John Cooke

Personal information
- Born: 17 March 1939 Dartford, Kent, England
- Died: 9 April 2008 (aged 69)

Sport
- Sport: Sports shooting

Medal record
Sports shooting
Representing England
Commonwealth Games
| Silver medal – second place | 1978 Edmonton | rapid fire pistol |
| Gold medal – first place | 1982 Brisbane | centre fire pistol |
| Bronze medal – third place | 1982 Brisbane | centre fire pistol pairs |
| Bronze medal – third place | 1982 Brisbane | rapid fire pistol |

= John Cooke (sport shooter) =

British sports shooter (1939–2008)

John Patrick Cooke (17 March 1939 - 9 April 2008) was a British sports shooter.

==Shooting career==
Cooke competed at the 1972, 1976 and the 1984 Summer Olympics. He represented England in the rapid fire pistol and the 50 metres free pistol, at the 1974 British Commonwealth Games in Christchurch, New Zealand.

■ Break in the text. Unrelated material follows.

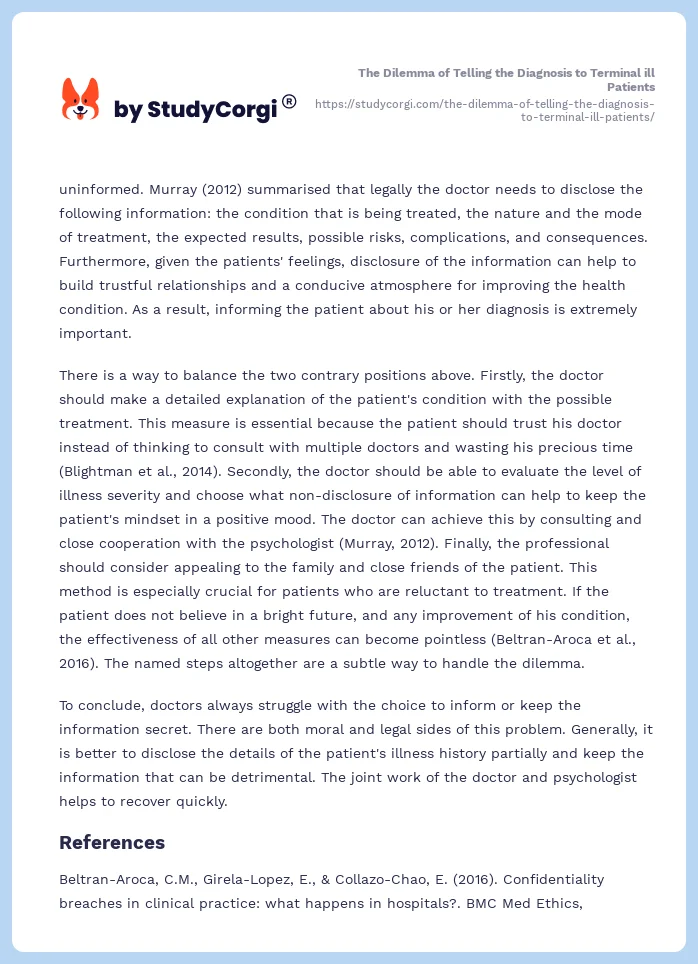 The Dilemma of Telling the Diagnosis to Terminal ill Patients. Page 2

Four years later he represented England and won a silver medal in the rapid fire pistol, at the 1978 Commonwealth Games in Edmonton, Alberta, Canada. A third Commonwealth Games appearance for England at the 1982 Commonwealth Games in Brisbane, Queensland, Australia resulted in a gold medal in the centre fire pistol, double bronze medals in the rapid fire pistol and centre fire pistol pairs with John Gough.